%%

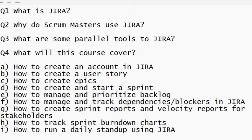So again, what is Jira? Jira is a tool that project managers, scrum masters, product owners, and development teams use to manage their work, to track their work, to communicate with each other, to communicate with stakeholders, and to communicate with different teams through reports, through comments, through dependencies, and through blockers.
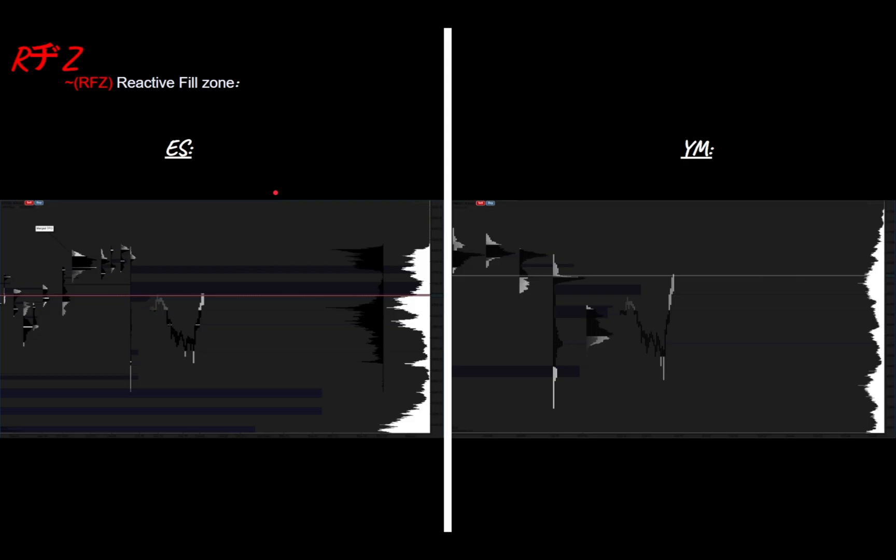You can use NQ as well since they're all correlated, but I've found YM with single prints is more accurate for reactive fill zones. Once one correlated asset has filled a single print or an excess, ES will probably react stronger — ES becomes the weaker asset. So if YM dumps about 40 points, ES might dump maybe 80 points or 50 — a bit more than YM — because it hasn't filled those single prints. When we go back up, ES will recover more slowly compared to YM.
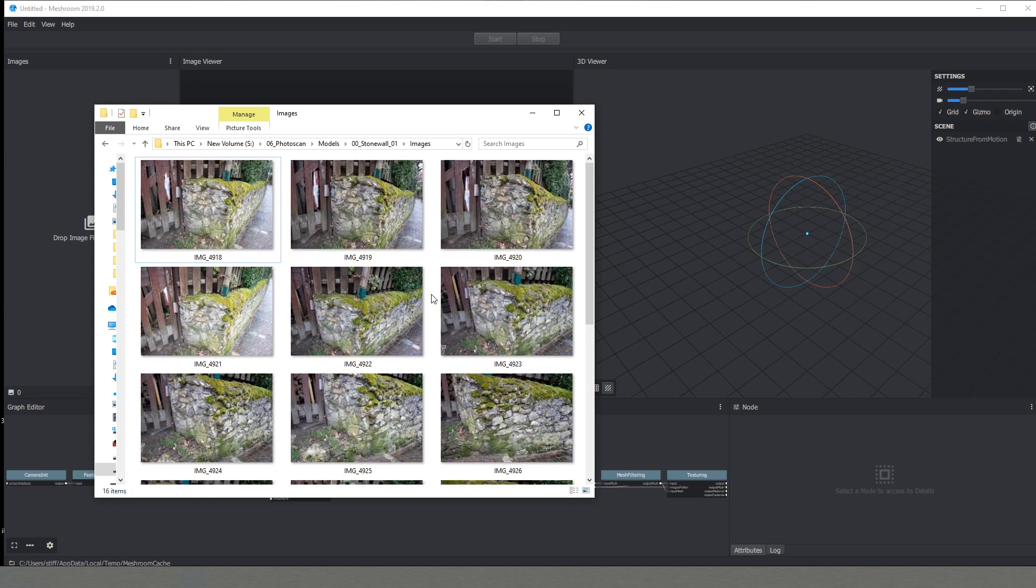This is also important for the quality of our model because if we have inconsistency between the colors and also between the values of bright spots and darker spots we will end up with not a good quality of the texture. Also our software can struggle a little bit more of finding reference and stitching everything together.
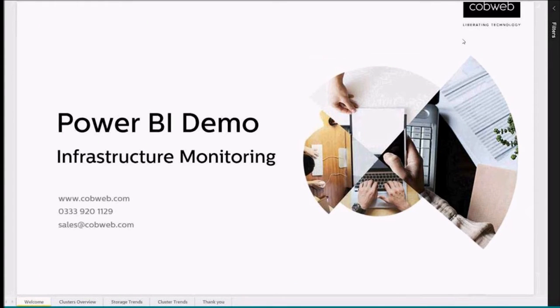Hi, this is Will Jones, part of the Cloud Infrastructure and Applications team here at Cobweb. I'm going to walk us through one of our Power BI showcase reports.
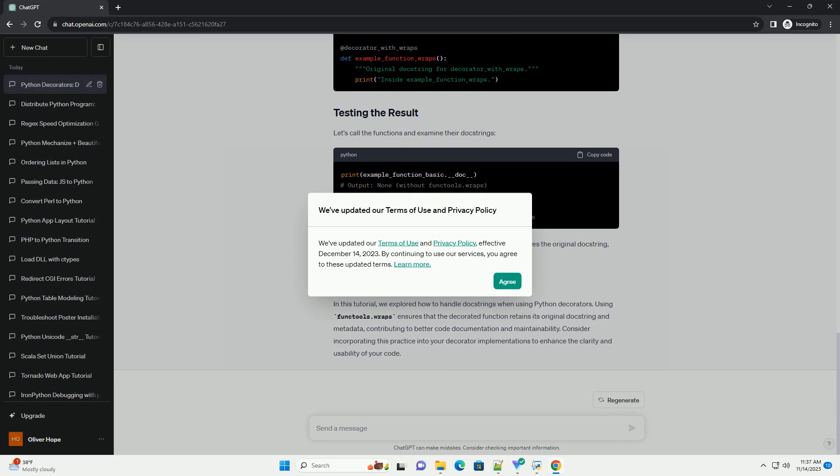To address this, Python provides the functools.wraps decorator, which copies the doc string and other metadata from the original function to the wrapper function. Let's modify our basic decorator to use functools.wraps. Now, the wrapper function will have the doc string of the func function.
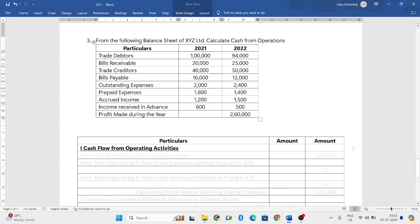Hello everyone, welcome to my YouTube channel. In this particular video we will solve one more Section B problem in which we have to prepare a cash flow statement, and they have asked us to calculate only the cash flow from operating activities.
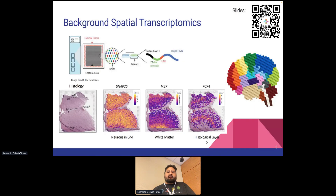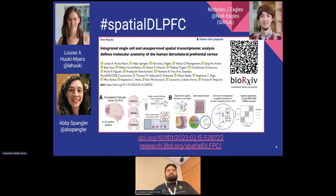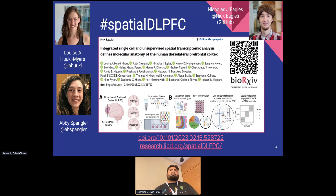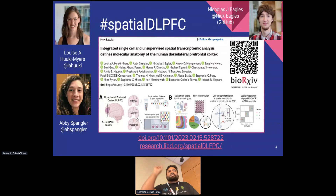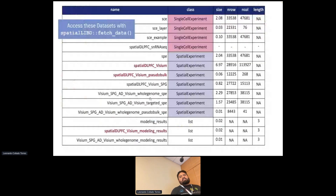These plots were made with spatialLIBD with a little bit of Illustrator. Earlier this year we posted a preprint called spatialDLPFC — DLPFC stands for dorsolateral prefrontal cortex. It's our largest spatial dataset: 30 Visium samples from 10 different donors, covering anterior, middle, and posterior DLPFC. This work was led by Louise, Abby, and Nick. That's one of our recent datasets, highlighted here in red, and the fetch_data function from spatialLIBD lets you access it.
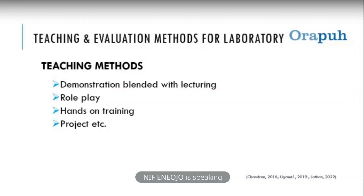When assigning projects to a group of students, it is important as a lecturer to emphasize the need for equitable contribution to the assignments — because some students in group work will dodge participation. During assessment, the lecturer must address the different efforts of each student. This will help effectively assess students, ensure learning has taken place, and carry out effective evaluation.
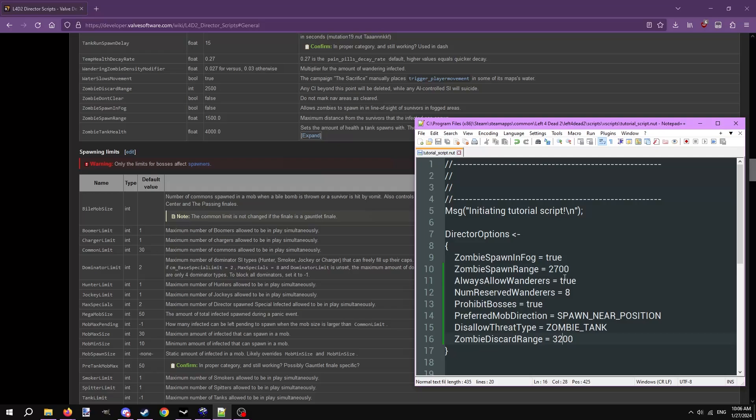That's all the options I'll cover in this video. There are hundreds of options you can put in your director script, so covering all of them would easily take over an hour. As for vscripts slash director scripts as a whole, we'll be needing to use these when creating panic events and finales. Speaking of panic events, next tutorial will be going over panic events, the different types, and how to create them. Thank you for watching.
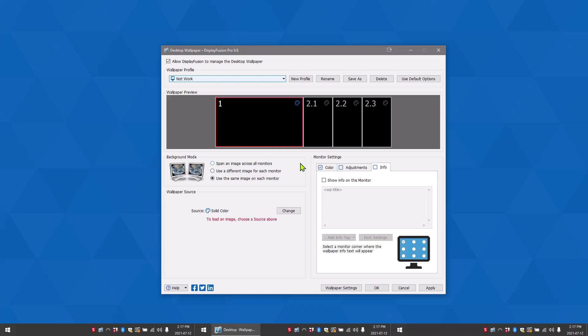Background mode allows you to choose how your background is displayed. You can have one image spanning across all of the monitors, a different image for each monitor, or the same image on each monitor.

%%

= WORK REQUIRED =
Reproduce the listing above exactly, excluding all pictures.

= THE ANSWER =
So again, what is Jira? Jira is a tool that project managers, scrum masters, product owners, and development teams use to manage their work, to track their work, to communicate with each other, to communicate with stakeholders, and to communicate with different teams through reports, through comments, through dependencies, and through blockers.
You can use NQ as well since they're all correlated, but I've found YM with single prints is more accurate for reactive fill zones. Once one correlated asset has filled a single print or an excess, ES will probably react stronger — ES becomes the weaker asset. So if YM dumps about 40 points, ES might dump maybe 80 points or 50 — a bit more than YM — because it hasn't filled those single prints. When we go back up, ES will recover more slowly compared to YM.
This is also important for the quality of our model because if we have inconsistency between the colors and also between the values of bright spots and darker spots we will end up with not a good quality of the texture. Also our software can struggle a little bit more of finding reference and stitching everything together.
Hi, this is Will Jones, part of the Cloud Infrastructure and Applications team here at Cobweb. I'm going to walk us through one of our Power BI showcase reports.
To address this, Python provides the functools.wraps decorator, which copies the doc string and other metadata from the original function to the wrapper function. Let's modify our basic decorator to use functools.wraps. Now, the wrapper function will have the doc string of the func function.
Hello everyone, welcome to my YouTube channel. In this particular video we will solve one more Section B problem in which we have to prepare a cash flow statement, and they have asked us to calculate only the cash flow from operating activities.
These plots were made with spatialLIBD with a little bit of Illustrator. Earlier this year we posted a preprint called spatialDLPFC — DLPFC stands for dorsolateral prefrontal cortex. It's our largest spatial dataset: 30 Visium samples from 10 different donors, covering anterior, middle, and posterior DLPFC. This work was led by Louise, Abby, and Nick. That's one of our recent datasets, highlighted here in red, and the fetch_data function from spatialLIBD lets you access it.
When assigning projects to a group of students, it is important as a lecturer to emphasize the need for equitable contribution to the assignments — because some students in group work will dodge participation. During assessment, the lecturer must address the different efforts of each student. This will help effectively assess students, ensure learning has taken place, and carry out effective evaluation.
That's all the options I'll cover in this video. There are hundreds of options you can put in your director script, so covering all of them would easily take over an hour. As for vscripts slash director scripts as a whole, we'll be needing to use these when creating panic events and finales. Speaking of panic events, next tutorial will be going over panic events, the different types, and how to create them. Thank you for watching.
Background mode allows you to choose how your background is displayed. You can have one image spanning across all of the monitors, a different image for each monitor, or the same image on each monitor.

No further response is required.